§ Aim of the exercise
Lines before the one holding "Hi, welcome to" are not wanted. Please copy that line and everything after it to the end of the records, exactly, skipping pictures.

§ Dataset content
################

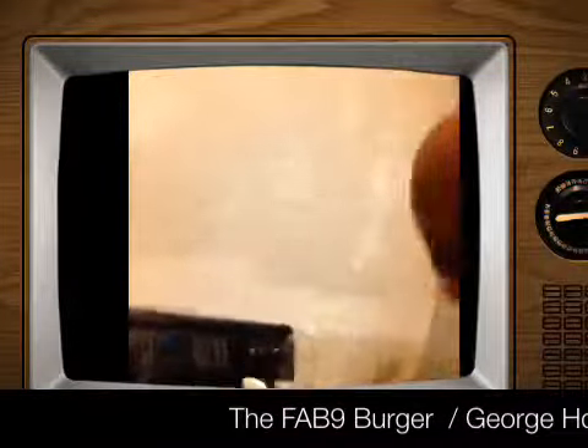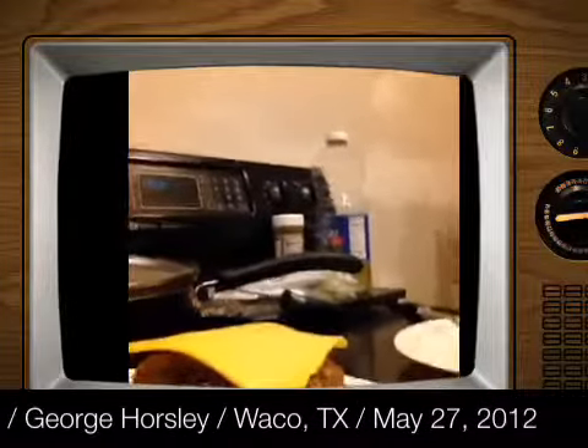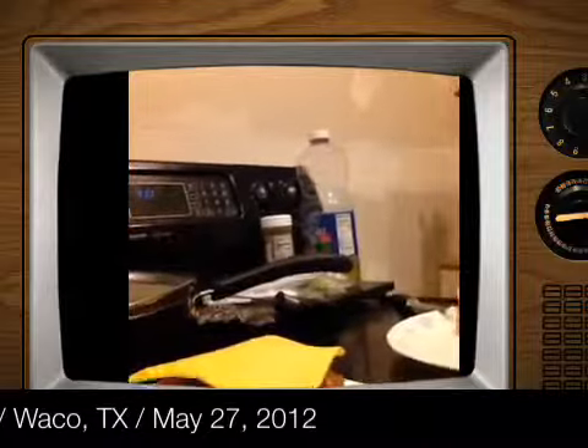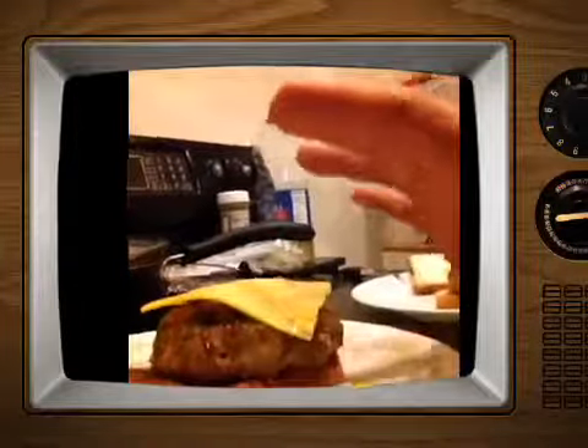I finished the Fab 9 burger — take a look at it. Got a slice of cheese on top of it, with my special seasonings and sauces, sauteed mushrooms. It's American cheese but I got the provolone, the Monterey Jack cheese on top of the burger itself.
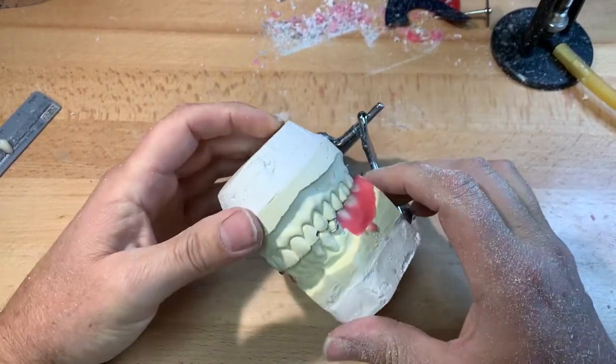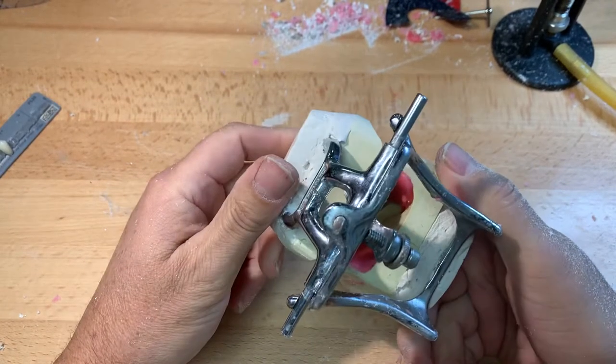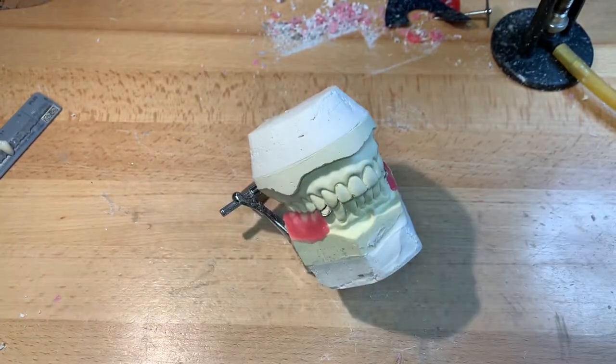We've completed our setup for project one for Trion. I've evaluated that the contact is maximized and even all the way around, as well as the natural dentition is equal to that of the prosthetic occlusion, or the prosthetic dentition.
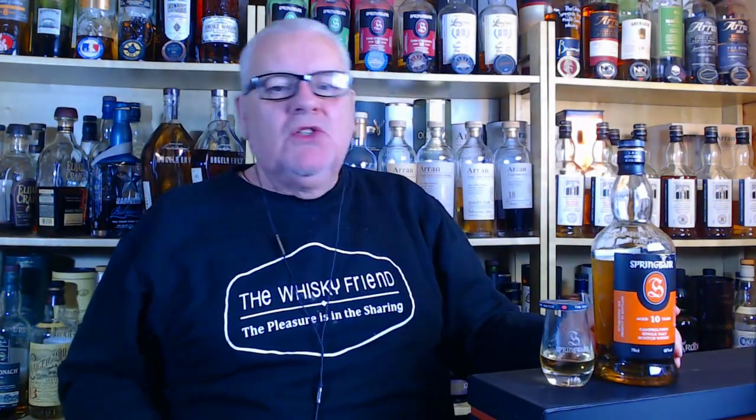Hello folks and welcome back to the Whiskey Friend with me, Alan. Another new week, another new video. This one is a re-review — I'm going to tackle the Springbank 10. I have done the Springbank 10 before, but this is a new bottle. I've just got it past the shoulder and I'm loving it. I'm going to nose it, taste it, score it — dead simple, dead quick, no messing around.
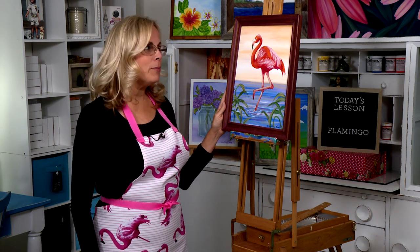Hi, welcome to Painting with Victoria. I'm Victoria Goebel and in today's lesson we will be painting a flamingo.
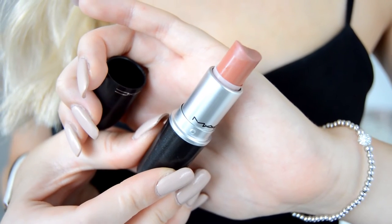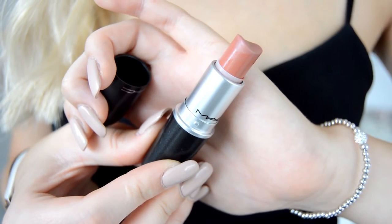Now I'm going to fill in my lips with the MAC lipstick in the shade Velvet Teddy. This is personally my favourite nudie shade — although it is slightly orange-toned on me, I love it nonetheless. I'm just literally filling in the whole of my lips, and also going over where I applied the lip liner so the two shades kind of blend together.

################

§ Answer below
Hi, welcome to Painting with Victoria. I'm Victoria Goebel and in today's lesson we will be painting a flamingo.
Now I'm going to fill in my lips with the MAC lipstick in the shade Velvet Teddy. This is personally my favourite nudie shade — although it is slightly orange-toned on me, I love it nonetheless. I'm just literally filling in the whole of my lips, and also going over where I applied the lip liner so the two shades kind of blend together.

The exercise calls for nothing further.